In this post, I interview Brandon Gilles, a longtime PyImageSearch reader, and creator of the OpenCV AI Kit (OAK), which is revolutionizing how we are performing embedded computer vision and deep learning.
To celebrate the 20th anniversary of the OpenCV library, Brandon partnered with the official OpenCV.org organization to create the OpenCV AI Kit, an MIT-licensed open-source software API and Myriad X-based embedded board/camera.
OAK comes in two flavors:
- OAK-1: The standard OpenCV AI board that can perform neural network inference, object tracking, April Tags recognition, feature detection, and basic image processing operations.
- OAK-D: Everything in OAK-1, but with a stereo depth camera, 3D object localization, and tracking objects in a 3D space.
Last week, Brandon and the OpenCV organization launched a Kickstarter campaign to fund the creation of these amazing embedded AI boards. At the time of this writing, the OpenCV AI Kit is currently sitting at $419,833 in funding from its Kickstarter supporters, potentially making it one of the most successful embedded boards in crowdfunding history!
Brandon and the OpenCV team were gracious enough to give the PyImageSearch team early access to the OpenCV AI Kit, so expect OAK tutorials on the PyImageSearch blog in the future.

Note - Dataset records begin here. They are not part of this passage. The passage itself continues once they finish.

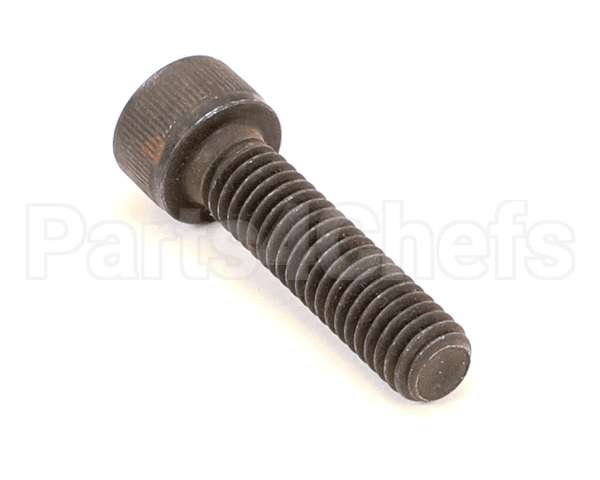 XMIN1228 Vollrath Handle Hexbolt Min0012 (#52)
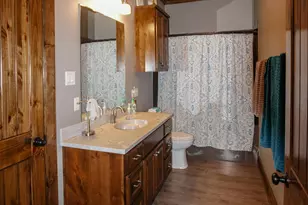 5000 Fm 315 S, Chandler, TX 75758 - Photo 17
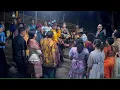 Download Lagu Ritual Wajib orang Timor Amarasi -Kosu Bife  Noni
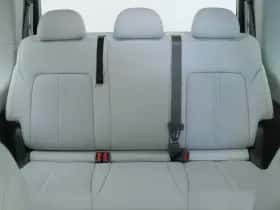 Hyundai Staria (2025) thumbnail 18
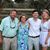 Patsy Walpole's profile image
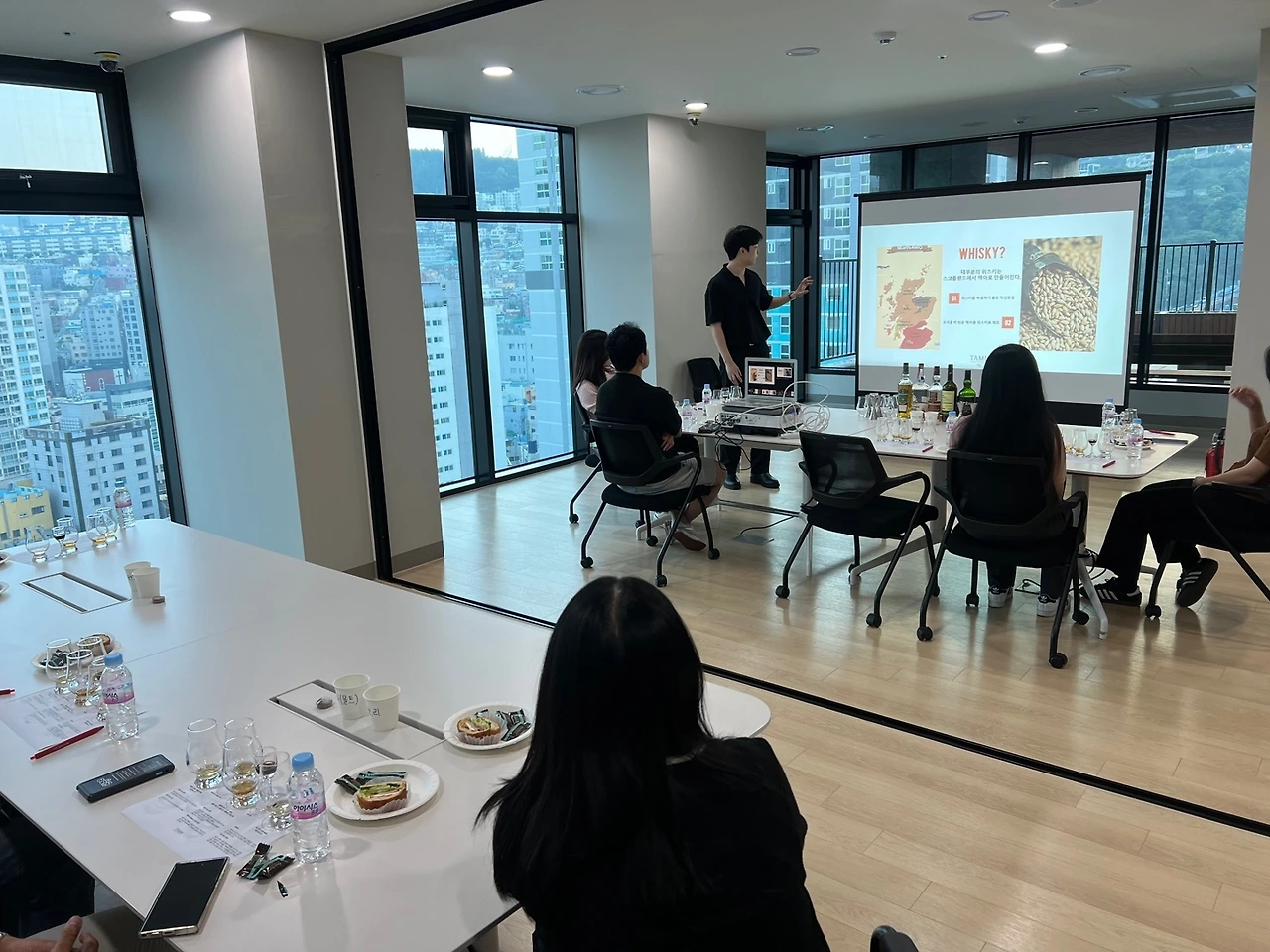 KakaoTalk_Photo_2024-06-16-19-27-40 005.jpeg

Additionally, I’ve decided that OAK will be covered inside the next edition of our embedded computer vision and deep learning book, Raspberry Pi for Computer Vision book (specifically the Complete Bundle).
- If you already have a copy of the Complete Bundle, you will receive the OAK chapter updates for free via email update when they release.
- If you haven’t already picked up a copy of RPi4CV, make sure you do, and you will receive the OAK chapters when they are ready.
The OpenCV AI Kit is going to revolutionize how embedded computer vision and deep learning is performed. We can’t wait to work with the board (and help you get your start with it as well).
Let’s give a warm welcome to Brandon Gilles as he shares his work.
An interview with Brandon Gilles, creator of the OpenCV AI Kit (OAK)
Adrian: Hi Brandon! It’s such a pleasure to have you here on the PyImageSearch blog. I’m sure you’re swamped with running the OpenCV AI Kit (OAK) Kickstarter campaign – we all appreciate you taking the time to do this interview.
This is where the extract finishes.